Robert, un homme dans la cinquantaine, pour sa part, rencontré aussi dans une file a exprimé sa déception face à un établissement scolaire qui lui a exigé de payer pour sa fille les cinq mois qui ont suivi le séisme. « A cause de ma maison qui a été détruite, j'étais obligé de me déplacer avec ma fille en province où elle a pu boucler l'année académique. A mon retour à Port-au-Prince, la direction de son école m'a exigé de payer les mois d'avril à août si je souhaiterais que l'élève conserve toujours sa place à l'école, alors que j'ai payé tous les frais annuels. C'est anormal !», raconte l'homme, haut comme trois pommes, implorant le ministère de l'Education nationale d'intervenir sur ce genre de dossiers.
Des files d'attente devant la Maison Henri Deschamps où les parents viennent acheter les manuels subventionnés. (Photo: James Alexis) |
Pour permettre à beaucoup plus d'enfants d'aller à l'école, M. Peter Frisch croit qu'il faut dynamiser le plus rapidement possible la reconstruction des écoles. « Ce n'est pas une mince affaire quand l'on sait que le coût de construction a augmenté après le séisme, dit-il. Mais, que l'on veuille ou non, les tentes ou les structures provisoires placées sur les ruines des écoles ne permettent pas d'accommoder les élèves, quand on prend le cas d'un immeuble qui était de trois étages transformé en une simple structure à un seul niveau placé sur la même espace », ajouté l'interlocuteur, affirmant que cette rentrée scolaire « reste et demeure difficile ».

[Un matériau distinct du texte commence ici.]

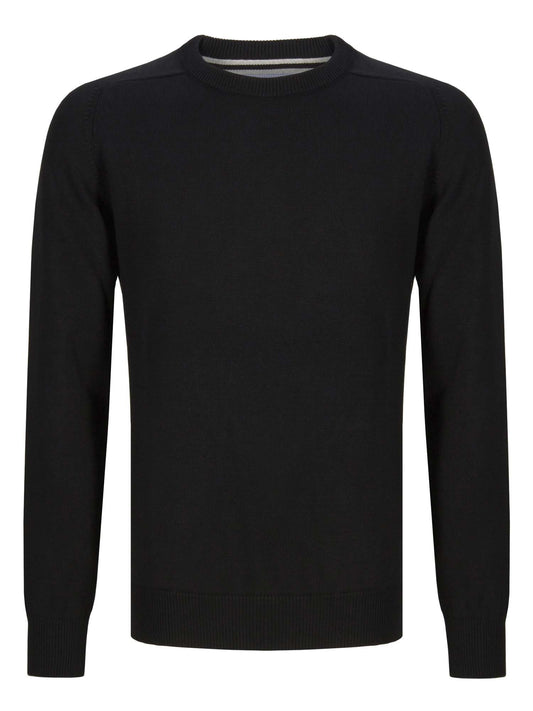 Cotton-Mix Crew-neck Jumper - Black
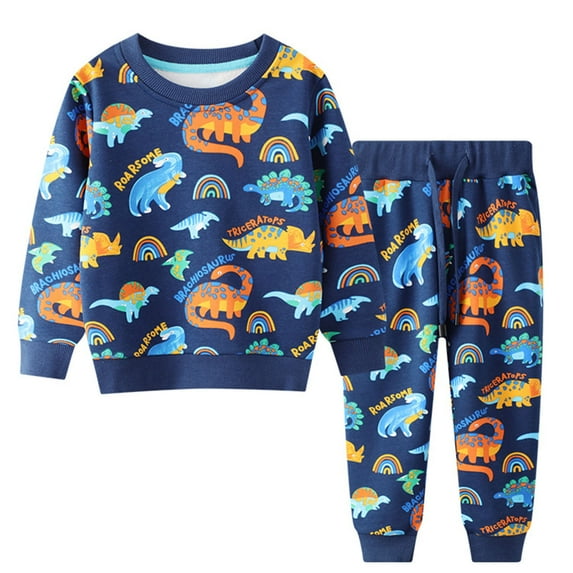 Youmylove Toddler Boys Sweatshirt Outfits Long Sleeve Dinosaur Top Pants Sweatsuit 2PCS Outfits Set Trendy Dailywear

Par ailleurs, si certaines écoles ont déjà accueilli leurs élèves au début de ce mois, bien avant la rentrée officielle fixée le 4 octobre prochain, les responsables d'autres établissements scolaires s'activent encore à mettre les bouchées doubles dans l'aménagement de leur site et continuent d'attendre une « manne » du ministère de l'Education nationale ou de quelques organisations ou agences internationales, comme l'Unicef, très active dans le domaine des activités scolaires, qui ont installé des centaines de tentes-écoles sur les ruines des écoles ravagées par la catastrophe.
La prochaine rentrée scolaire fait suite à une année académique qui s'est achevée dans des conditions très difficiles. Plus de 4 000 écoles ont été détruites par le séisme dans un pays où les besoins en éducation sont scandaleusement immenses. Un enfant sur deux, a souligné l'Unicef, n'allait pas à l'école en Haïti avant le tremblement de terre du 12 janvier 2010. « Contrairement à d'autres pays, en Haïti, tous les parents ont la volonté d'envoyer leurs enfants à l'école, mais il leur manque les moyens », avait déclaré récemment la représentante de l'Unicef en Haïti, Françoise Gruloos-Ackerman.